The discovery of the M1-selective receptor antagonist pirenzepine was the impetus for a research project directed towards the development of selective muscarinic antagonists. In the pursuit of this objective, compounds with different selectivity profiles have been found. AF-DX 116 was the first cardioselective antagonist synthesized. Subsequently novel M2 receptor antagonists have been discovered with higher potency and selectivity. Moreover, a pirenzepine-type compound UH-AH 37 has been identified that, in contrast to pirenzepine, shows a higher affinity for ileal than for atrial muscarinic receptors. Among tricyclic muscarinic receptor antagonists three different selectivity profiles have been identified, namely: M1 greater than M3 greater than M2, Msm for pirenzepine; M2 greater than M1 greater than M3, Msm for AF-DX 116, AF-DX 384, AQ-RA 741; and Msm congruent to M1 greater than M2, M3 for UH-AH 37 and its (+) enantiomer.
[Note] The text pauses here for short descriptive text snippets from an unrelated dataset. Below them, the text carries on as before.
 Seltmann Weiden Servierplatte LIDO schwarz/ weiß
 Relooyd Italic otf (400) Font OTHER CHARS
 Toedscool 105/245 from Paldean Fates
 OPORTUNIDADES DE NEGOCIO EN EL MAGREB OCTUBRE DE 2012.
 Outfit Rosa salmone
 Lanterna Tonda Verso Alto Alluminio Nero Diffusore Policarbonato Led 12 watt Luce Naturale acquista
M1选择性受体拮抗剂哌仑西平的发现推动了一项旨在开发选择性毒蕈碱拮抗剂的研究项目。为实现这一目标,已发现具有不同选择性特征的化合物。AF-DX 116是首个合成的心脏选择性拮抗剂。随后发现了效力和选择性更高的新型M2受体拮抗剂。此外,已鉴定出一种哌仑西平类化合物UH-AH 37,与哌仑西平不同,它对回肠毒蕈碱受体的亲和力高于对心房毒蕈碱受体的亲和力。在三环类毒蕈碱受体拮抗剂中,已鉴定出三种不同的选择性特征,即:M1大于M3大于M2,哌仑西平的Msm;M2大于M1大于M3,AF-DX 116、AF-DX 384、AQ-RA 741的Msm;以及Msm等同于M1大于M2、M3,UH-AH 37及其(+)对映体的Msm。